The big-three iron ore miners – Rio Tinto , BHP Billiton , and Vale, in whose holding company Mitsui has a 15% stake – are betting they can force out smaller competitors by ramping up production.

“There is a risk that the mineral and metal resources unit will miss our forecast,” Kato said. “It depends on how much impact from the slumping iron ore prices can be offset by cost cuts and production expansions.”

Mitsui is forecasting profit of ¥380bn ($3.56bn) for the year through March, of which the mineral and metal resources segment is expected to contribute ¥118bn ($1.11bn). Kato did not say by how much it may miss the
target.

Iron ore for immediate delivery to China dropped to $83.20 a tonne on Tuesday, according to data provider Steel Index.

“Iron ore prices may fall to as low as around $80, but that will put more suppliers in distress and force them to cut production capacities,” Kato said.

“We think that the recent fall in iron ore prices is a temporary phenomenon and prices are likely to come back to around $100 soon ... by the end of this year or the end of this business year,” through March, the Mitsui executive said.

World No 2 iron ore miner Rio Tinto expects other miners worldwide to cut 125mn tonnes of iron ore capacity in 2014, roughly equal to the amount of new supply expected to come on stream from Australia and Brazil.

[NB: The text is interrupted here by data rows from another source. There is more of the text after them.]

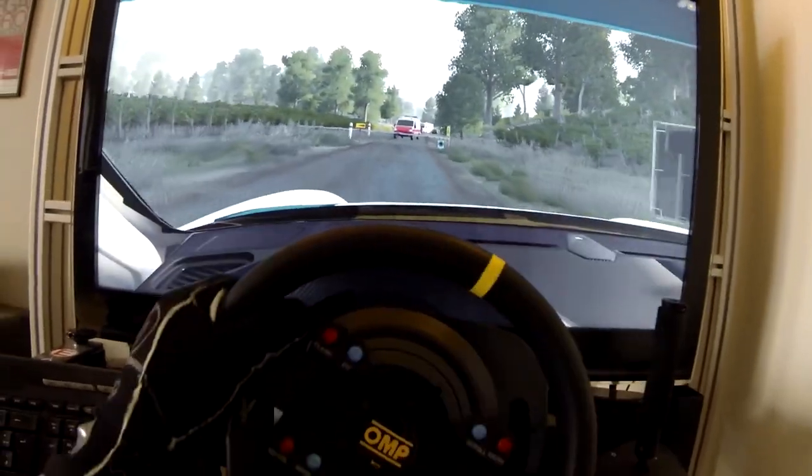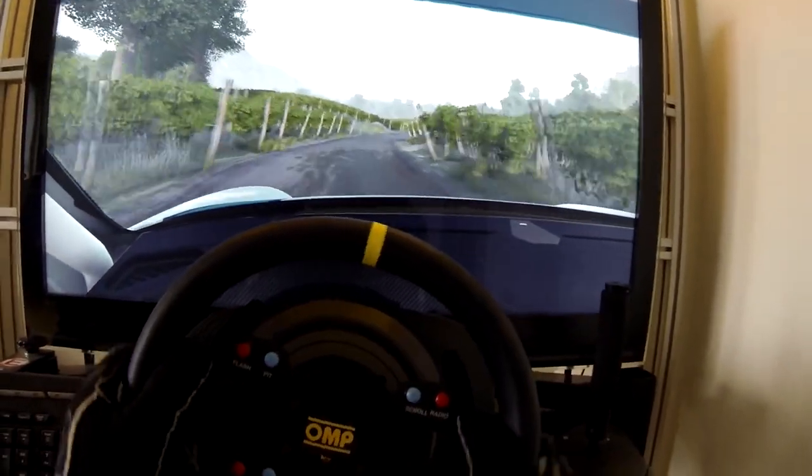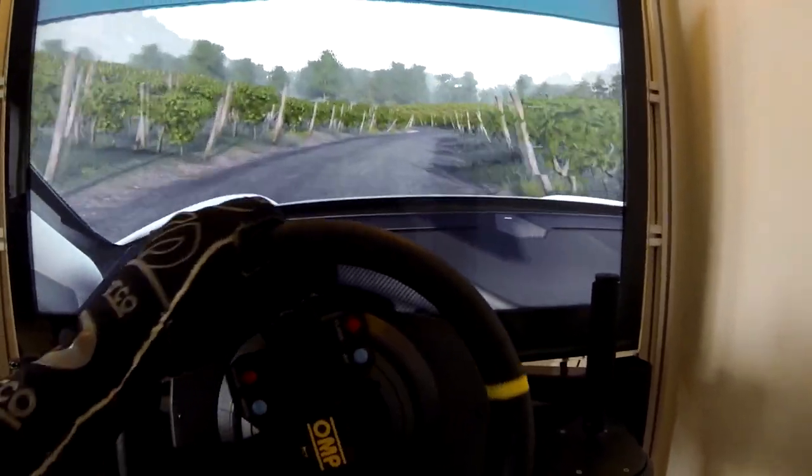Into flat right, tightens, into left 4, tightens, don't cut, 30, right 4, don't cut, into left 4, short, don't cut, 150.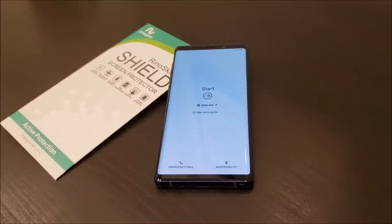Hey guys, today I'm going to show you how to install the RhinoGear Screen Protector on the Samsung Galaxy Note 9. Please follow these instructions so you can get the most out of your screen protector installation.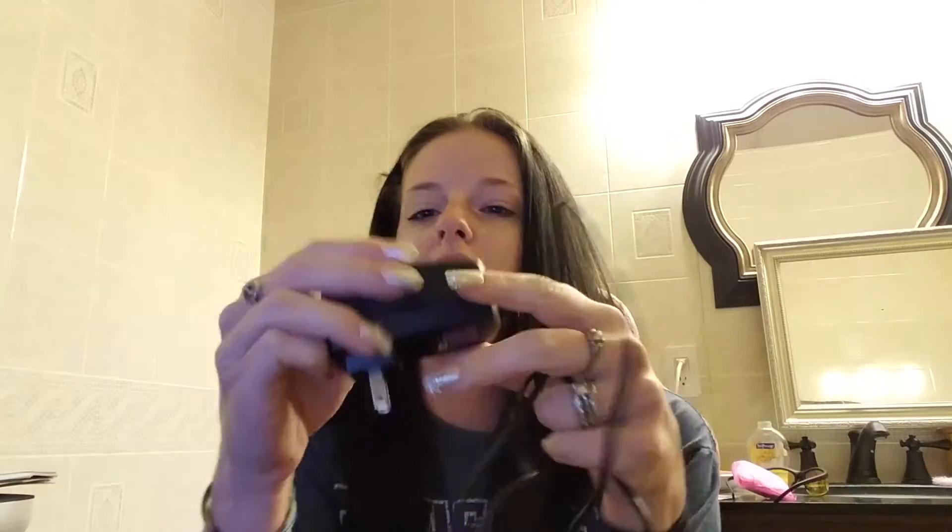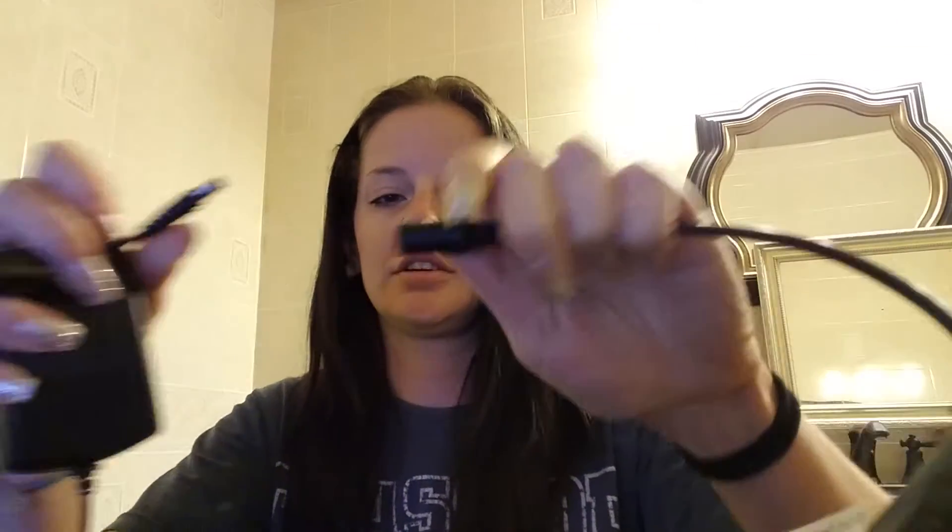It goes like this and then you can move it, and your arms can be positioned however. It is controlled by an AC adapter. I'll plug it in. You connect this part here.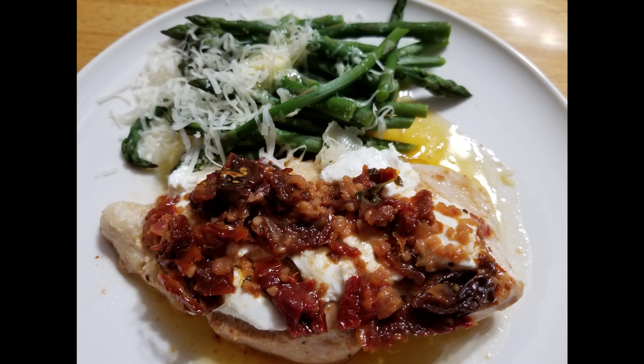Hey everybody, welcome back to my channel. Today we're making a copycat recipe — we're making Chicken Bryan from Carrabba's. This is a tasty little dish and I hope you enjoy it as much as I do. Before we get started, take a quick second, click that thumbs up, like this video, subscribe to my channel if you haven't already, and click that notification bell. So let's get right to this Chicken Bryan.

Mitsui had an annual iron ore output of 51mn tonnes in the last business year to March 31 through its equity holdings in mines.

Kato said Mitsui’s iron ore investments would still be profitable even if prices fall 20%-30% further and it is sticking to a plan to boost output to 69mn tonnes by 2020.

Japanese trading companies have wide-ranging business portfolios often seen as similar to investment banks.

Mitsui, Japan’s second-biggest trading house after Mitsubishi Corp, has spent over $18.6bn on acquisitions since the start of the current decade, with 43% of that in the energy sector, Thomson Reuters data showed.

It has a 20% stake in US-based Anadarko Petroleum Corp’s gas project off the coast of Mozambique, which is working to become the first East African nation to export LNG, aiming to ship 10mn tonnes per annum of the superchilled gas. The first shipments are expected in 2018 or 2019, Kato said.

Anadarko and Mitsui are aiming to secure long-term buyers for between 85% and 90% of the offtake of the huge gas field, Kato said.

For Cameron LNG project in the US state of Louisiana, which is owned 50.2% by US-based Sempra and 16.6% by Mitsui, the production of its stake, or 4mn tonnes per annum, is “almost sold out”, Kato said.

Mitsui will focus on three major projects, Mozambique, Cameron and Browse, in which Australia’s Woodside Petroleum holds the biggest stake and Mitsui owns a minority stake, Kato said.

The Japanese trading house is also keeping an eye out for other opportunities.

US oil and gas company Apache Corp said in July it plans to sell interests in Australia’s Wheatstone and Canada’s Kitimat LNG projects.

“We can’t say we are not interested. But we are focusing on the three main projects for now,” Kato said, when asked whether Mitsui is interested in the Wheatstone project.